Task directions:
Please retype the data in full and exactly; the pictures are not part of the copy.

Materials provided:

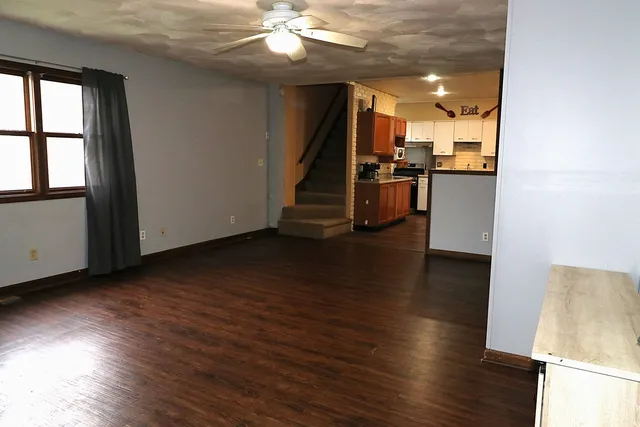 $199,000 | 203 North Main Street, Batesville, IN 47006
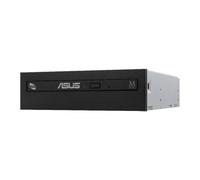 ASUS DRW-08D6MT 8x DVD Writer, 5.25" Internal CD/DVD Burner, Slimline Adapter, M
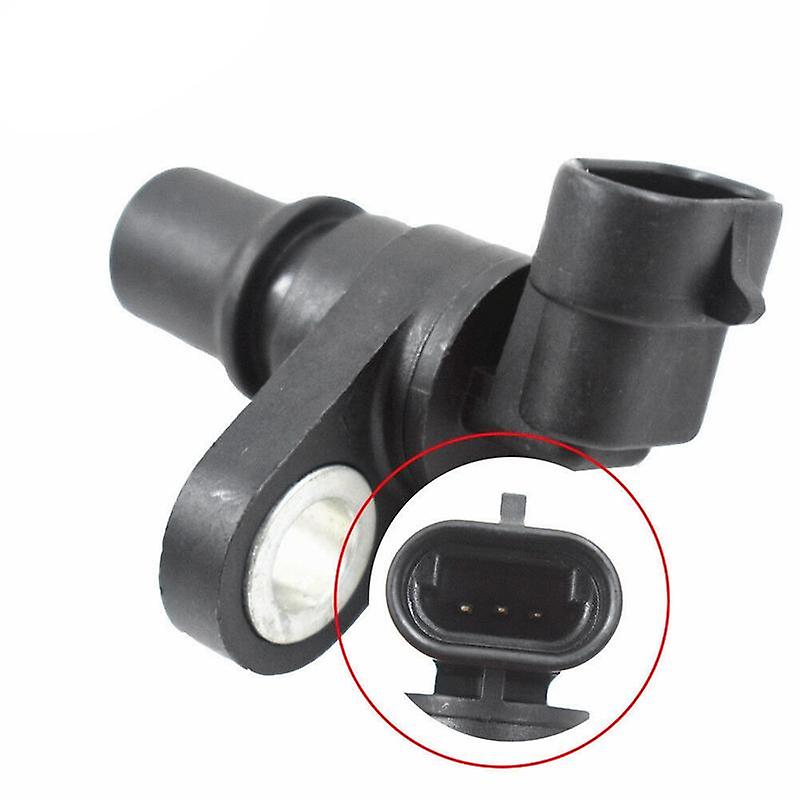 Hall Effect Speed Sensor For Polaris Rzr 570 800 900 1000 4012167 4013908 3234299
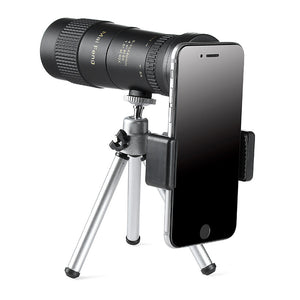 MAIFENG,Outdoor,Portable,Monocular,Optic,Night,Vision,Holder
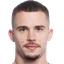 Leander Dendoncker - Team Real Oviedo 304858 Live Score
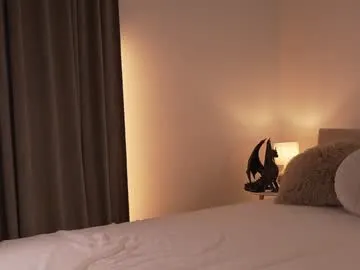 horse_man2 chat room preview Image 15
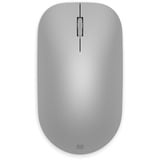 Microsoft Surface Mouse Grijs, Bluetooth 4.0 Low Energy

Response to the task:
 $199,000 | 203 North Main Street, Batesville, IN 47006
 ASUS DRW-08D6MT 8x DVD Writer, 5.25" Internal CD/DVD Burner, Slimline Adapter, M
 Hall Effect Speed Sensor For Polaris Rzr 570 800 900 1000 4012167 4013908 3234299
 MAIFENG,Outdoor,Portable,Monocular,Optic,Night,Vision,Holder
 Leander Dendoncker - Team Real Oviedo 304858 Live Score
 horse_man2 chat room preview Image 15
 Microsoft Surface Mouse Grijs, Bluetooth 4.0 Low Energy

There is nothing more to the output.